Simulation Exercise

By: Mohammed Teslim
5/10/22

Overview

The central limit theorem is known to be one of the pillars of statistical inference. The theorem enables us to visualize or at least know more about the distribution of statistics, albeit, we can only lay our hands on one. What this means in simple terms is that we can learn about distribution of statistics (e.g mean) of identically independent samples from our population even though we only have one - which is our sample statistic. This report intends to investigate the exponential distribution in R and compare it with the central limit theorem.

Simulations

To explore the exponential distribution, we simulate with a sample size of 40 and lambda of 0.2. This simulation shall be ran a thousand times so the distribution of the means can be visualized.

mns <- vector("double", 1000)
for (i in 1 : 1000){
    mns[[i]] <- mean(rexp(40,0.2))}

As can be seen above, an empty vector of length 1000 and class doubles was created to store the means of each simulation. A for loop is utilized to iterate over each number from 1 to 1000 by which the mean of each simulation is stored.

standard_devs <- vector("double", 1000)
for (i in 1 : 1000){
    standard_devs[[i]] <- sd(rexp(40,0.2))}

Similar thing is done to assess how variable the samples. The standard deviation for each sample is stored in the vector called standard_devs and ran a thousand times, using similiar iteration technique as above.

Sample Mean versus Theoretical mean

The theoretical mean for an exponential distribution is \(1/lambda\). Lambda here is 0.2, so 1/0.2 equals 5.

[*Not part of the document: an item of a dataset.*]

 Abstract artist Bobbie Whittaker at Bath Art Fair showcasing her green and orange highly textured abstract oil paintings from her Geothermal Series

hist(mns, main = "Distribution of 1000 averages")

From the figure above, we can see that the distribution is centered around 5 which is the theoretical mean, which is in keeping with the central limit theorem.

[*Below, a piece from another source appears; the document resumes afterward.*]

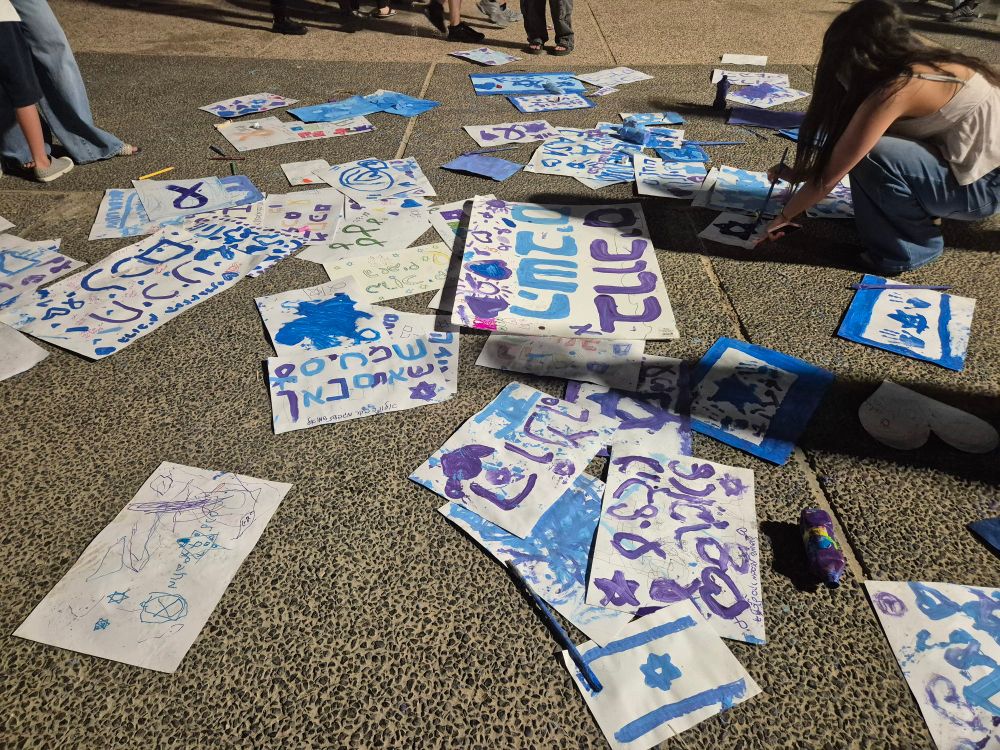 Painting welcome signs on the floor of the square.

Sample Variance versus Theoretical variance.

The theoretical standard deviation for this distribution is also \(1/lambda\). Lambda here is 0.2, so 1/0.2 equals 5 which is the theoretical standard deviation.

hist(standard_devs, main = "Distribution of 1000 SDs")

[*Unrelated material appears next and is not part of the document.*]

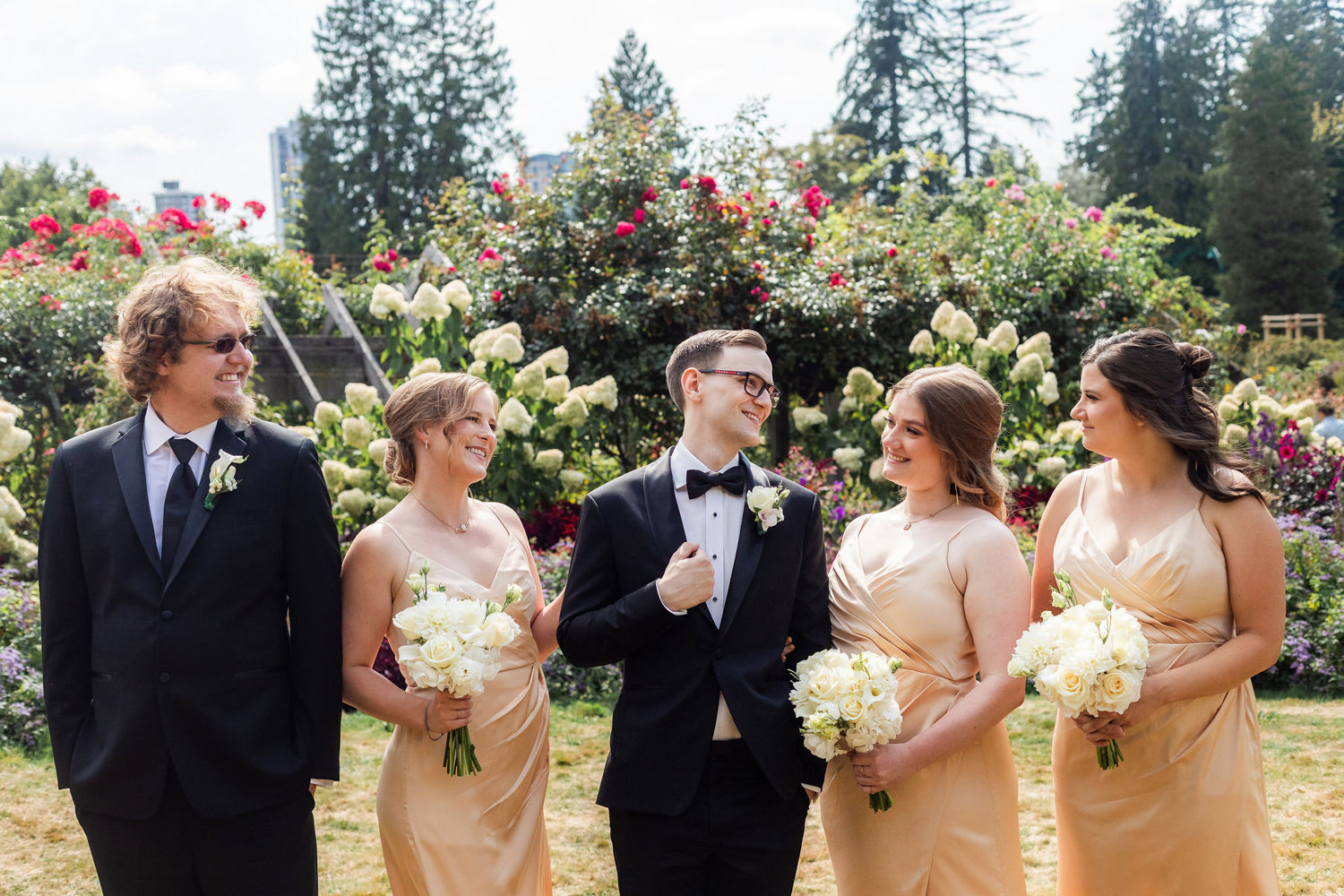 wedding party candids at rose garden stanley park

According to the central limit theorem, it is expected that a distribution of standard deviations should be centered around the population standard deviation, in this case, the theoretical standard deviation. That is exactly what we see here with the distribution centered around 5 as calculated.

Distribution

We compare two distributions; a distribution of a large sample size and a distribution of averages.

hist(rexp(1000, 0.2), main = "Histogram of one sample of size 1000")

hist(mns, main = "Distribution of 1000 averages")

From the figures, we can see the distribution of a large sample size is not normal (it is not centered around any particular value), however the distribution of the averages is essentially normal (centered around the population mean), thus further confirming the central limit theorem.